LA decisión política del PSOE de plantar cara a la juez que instruye el caso de los ERE ha devuelto al primer plano el debate sobre los constantes ataques que recibe la Justicia. Para los socialistas, la imputación de la exministra de Fomento por parte de la juez instructora del caso, Mercedes Alaya, tiene una clara intención política: perjudicarles. Para el PSOE, el auto carece de base legal y le resulta curioso que coincida con el proceso de renovación iniciado en las filas andaluzas. Y van más allá; ponen la mano en el fuego por los 20 altos cargos o ex altos cargos de la Junta de Andalucía imputados.

La investigación cuestiona el procedimiento administrativo que puso en marcha el Gobierno andaluz para dar hasta 721 millones de euros en ayudas sin apenas controles durante una década. Ahora la juez pone la lupa sobre la gestión política del caso. Sobre las personas que en la ejecución de sus respectivas competencias permitieron durante diez años el uso indebido de las ayudas a empresas en crisis. El número dos del PSOE en Andalucía, Mario Jiménez, hablaba hace unos días de la existencia de una causa general contra su formación. Curiosamente, la misma reacción que tiene el PP para atacar la instrucción judicial en el caso Bárcenas. Los populares basan su estrategia en vender la idea de que las actividades privadas del extesorero y su trabajo como contable del partido no guardan relación. De hecho, cuando hace quince días entraba en prisión, se limitaban a respetar las decisiones judiciales. Ahora bien, llámese PSOE o PP, la cuestión ya no es tanto si respetan sino si colaboran.

Y es ahí donde, a tenor de lo conocido en las últimas horas, algunos dirigentes del PP deberán acudir ante el juez Pablo Ruz y confirmar o desmentir si durante al menos los últimos 20 años su partido ha estado financiándose de forma ilegal, recibiendo donaciones en metálico de empresarios, que a su vez obtenían contratos de administraciones gobernadas por su formación. Si parte de ese dinero entregado se destinaba a pagar en negro el sobrecoste de las campañas electorales para eludir la fiscalización del Tribunal de Cuentas o si se quedaba en la caja fuerte de Génova para pagar sobresueldos en el partido.

Ya nadie se puede tapar la nariz y decir que huele mal. Hay que dar un paso al frente. Desgraciadamente, no es el primer caso ni será el último en la historia más reciente de España.
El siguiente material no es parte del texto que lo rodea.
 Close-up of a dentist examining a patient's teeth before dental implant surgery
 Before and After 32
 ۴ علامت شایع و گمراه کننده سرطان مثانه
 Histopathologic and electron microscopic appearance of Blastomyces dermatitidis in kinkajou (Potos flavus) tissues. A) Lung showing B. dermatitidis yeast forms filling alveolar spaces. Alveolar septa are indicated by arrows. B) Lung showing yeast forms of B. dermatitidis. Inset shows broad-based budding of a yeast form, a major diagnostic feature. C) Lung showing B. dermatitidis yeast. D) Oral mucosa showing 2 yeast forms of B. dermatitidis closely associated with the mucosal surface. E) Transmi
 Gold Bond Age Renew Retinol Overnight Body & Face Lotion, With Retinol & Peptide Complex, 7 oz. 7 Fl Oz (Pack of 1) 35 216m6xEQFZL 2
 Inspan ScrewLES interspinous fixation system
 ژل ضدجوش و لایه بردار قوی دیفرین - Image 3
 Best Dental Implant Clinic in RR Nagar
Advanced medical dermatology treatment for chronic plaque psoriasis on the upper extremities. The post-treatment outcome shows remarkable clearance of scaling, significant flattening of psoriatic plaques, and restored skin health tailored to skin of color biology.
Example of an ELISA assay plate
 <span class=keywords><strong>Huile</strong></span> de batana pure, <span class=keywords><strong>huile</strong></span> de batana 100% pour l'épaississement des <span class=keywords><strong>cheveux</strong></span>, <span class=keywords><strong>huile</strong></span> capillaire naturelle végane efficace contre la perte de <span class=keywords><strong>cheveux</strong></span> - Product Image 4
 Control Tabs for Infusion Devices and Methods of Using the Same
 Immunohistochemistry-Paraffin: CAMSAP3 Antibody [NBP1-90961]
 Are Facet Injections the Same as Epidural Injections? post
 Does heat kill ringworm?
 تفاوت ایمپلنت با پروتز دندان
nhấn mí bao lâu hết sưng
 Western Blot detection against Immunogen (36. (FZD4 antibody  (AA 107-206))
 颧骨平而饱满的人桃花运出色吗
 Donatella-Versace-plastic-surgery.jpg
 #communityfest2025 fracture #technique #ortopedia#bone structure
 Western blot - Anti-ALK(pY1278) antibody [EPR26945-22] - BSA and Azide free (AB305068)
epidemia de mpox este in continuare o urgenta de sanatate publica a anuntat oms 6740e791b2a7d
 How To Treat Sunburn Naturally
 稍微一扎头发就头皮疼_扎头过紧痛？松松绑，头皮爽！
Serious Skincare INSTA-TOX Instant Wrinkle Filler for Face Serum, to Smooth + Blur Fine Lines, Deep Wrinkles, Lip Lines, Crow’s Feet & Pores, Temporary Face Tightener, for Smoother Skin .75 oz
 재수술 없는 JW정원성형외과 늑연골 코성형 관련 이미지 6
Hemos asistido perplejos a declaraciones como las del exbanquero Miguel Blesa, encarcelado por la existencia de indicios delictivos en la compra de City Bank of Florida y que tras salir de prisión pedía un juez imparcial. Vivimos en 2012 la expulsión de la carrera judicial de Garzón. En palabras del Tribunal Supremo, el juez que destapó el caso Gürtel y que sacó de la política a decenas de dirigentes del PP por colaborar con el saqueo de fondos públicos, era arbitrario y totalitario. Atrás queda también la actitud de la Casa Real calificando de "martirio" para su imagen el caso Nóos.

Algo falla cuando no hay proceso judicial con políticos de por medio que no se politice. Algo no va bien cuando el ciudadano asiste a dimes y diretes protagonizados por quienes un día piden respeto a las decisiones judiciales y más tarde lanzan fuego desde sus bocas contra quienes instruyen los procesos. Algo falla cuando la inquietud por la corrupción (la que se juzga) supera el 44% frente al 31,6% de su récord en 1995. Este paisaje desolador tiene visos de prolongarse algún tiempo si persiste la combinación de los efectos de la crisis y los sobresaltos diarios que obliguen a dirigentes de partidos e instituciones a ir más a los juzgados que a sus despachos. Por eso, será bueno recordar que cuando no se deja actuar a la Justicia, también se ataca a uno de los pilares de esa democracia de la que tantos hablan.